__PROBLEM TO WORK ON__
Extract, unchanged, every line from the top of the material below through the line with "559 FLEMMING WAY, #203, Maitland, FL 32751", and no more.

__MATERIAL TO PROCESS__

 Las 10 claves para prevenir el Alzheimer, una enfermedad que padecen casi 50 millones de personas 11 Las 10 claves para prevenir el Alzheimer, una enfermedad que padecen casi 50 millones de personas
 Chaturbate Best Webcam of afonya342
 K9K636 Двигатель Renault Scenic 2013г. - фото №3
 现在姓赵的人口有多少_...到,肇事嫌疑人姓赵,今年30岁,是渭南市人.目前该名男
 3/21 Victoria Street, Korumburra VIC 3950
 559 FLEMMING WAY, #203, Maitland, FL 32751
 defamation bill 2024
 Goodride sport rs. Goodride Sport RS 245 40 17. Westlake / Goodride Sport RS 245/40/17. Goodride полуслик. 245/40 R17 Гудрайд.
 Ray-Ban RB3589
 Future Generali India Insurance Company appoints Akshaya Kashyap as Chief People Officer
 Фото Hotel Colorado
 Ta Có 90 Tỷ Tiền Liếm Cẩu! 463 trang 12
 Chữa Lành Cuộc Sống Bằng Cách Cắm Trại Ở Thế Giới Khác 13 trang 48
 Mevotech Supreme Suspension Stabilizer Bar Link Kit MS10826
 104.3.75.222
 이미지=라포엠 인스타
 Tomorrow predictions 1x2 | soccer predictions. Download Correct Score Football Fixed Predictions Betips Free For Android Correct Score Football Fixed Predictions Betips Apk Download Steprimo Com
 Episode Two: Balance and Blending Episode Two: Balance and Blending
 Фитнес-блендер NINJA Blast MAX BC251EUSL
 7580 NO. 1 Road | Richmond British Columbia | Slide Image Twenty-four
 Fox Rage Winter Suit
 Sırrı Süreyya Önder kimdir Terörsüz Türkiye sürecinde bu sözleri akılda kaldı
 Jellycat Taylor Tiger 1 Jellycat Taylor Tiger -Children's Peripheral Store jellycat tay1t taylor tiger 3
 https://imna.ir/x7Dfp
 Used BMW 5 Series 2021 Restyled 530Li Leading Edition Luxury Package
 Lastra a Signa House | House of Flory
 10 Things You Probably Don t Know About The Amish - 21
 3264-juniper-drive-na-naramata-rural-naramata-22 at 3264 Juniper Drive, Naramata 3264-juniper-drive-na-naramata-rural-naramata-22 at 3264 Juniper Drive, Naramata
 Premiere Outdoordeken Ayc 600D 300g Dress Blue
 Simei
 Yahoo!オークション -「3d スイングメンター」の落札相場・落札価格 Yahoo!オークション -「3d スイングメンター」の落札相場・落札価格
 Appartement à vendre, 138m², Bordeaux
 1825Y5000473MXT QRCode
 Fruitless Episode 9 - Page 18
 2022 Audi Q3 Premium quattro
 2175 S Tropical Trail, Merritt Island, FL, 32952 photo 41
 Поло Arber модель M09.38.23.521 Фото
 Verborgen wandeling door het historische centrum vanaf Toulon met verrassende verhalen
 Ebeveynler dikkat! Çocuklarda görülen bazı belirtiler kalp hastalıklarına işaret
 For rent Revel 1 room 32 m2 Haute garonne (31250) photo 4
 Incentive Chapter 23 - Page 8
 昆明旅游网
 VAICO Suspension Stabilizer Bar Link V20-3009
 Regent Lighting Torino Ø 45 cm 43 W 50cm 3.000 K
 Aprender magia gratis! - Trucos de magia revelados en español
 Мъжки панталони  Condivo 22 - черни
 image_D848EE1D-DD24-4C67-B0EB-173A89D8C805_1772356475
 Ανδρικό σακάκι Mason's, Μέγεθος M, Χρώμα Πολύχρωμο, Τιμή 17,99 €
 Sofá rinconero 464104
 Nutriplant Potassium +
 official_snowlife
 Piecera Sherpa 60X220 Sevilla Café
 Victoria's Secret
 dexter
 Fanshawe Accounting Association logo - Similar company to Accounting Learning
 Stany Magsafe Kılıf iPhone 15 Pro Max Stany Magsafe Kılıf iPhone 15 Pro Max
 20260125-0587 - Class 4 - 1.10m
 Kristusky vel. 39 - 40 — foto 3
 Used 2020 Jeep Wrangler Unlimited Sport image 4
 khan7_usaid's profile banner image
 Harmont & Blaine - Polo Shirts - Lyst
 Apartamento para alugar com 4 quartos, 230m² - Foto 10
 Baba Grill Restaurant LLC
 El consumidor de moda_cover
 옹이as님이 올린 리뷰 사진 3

__WRITTEN RESPONSE__
 Las 10 claves para prevenir el Alzheimer, una enfermedad que padecen casi 50 millones de personas 11 Las 10 claves para prevenir el Alzheimer, una enfermedad que padecen casi 50 millones de personas
 Chaturbate Best Webcam of afonya342
 K9K636 Двигатель Renault Scenic 2013г. - фото №3
 现在姓赵的人口有多少_...到,肇事嫌疑人姓赵,今年30岁,是渭南市人.目前该名男
 3/21 Victoria Street, Korumburra VIC 3950
 559 FLEMMING WAY, #203, Maitland, FL 32751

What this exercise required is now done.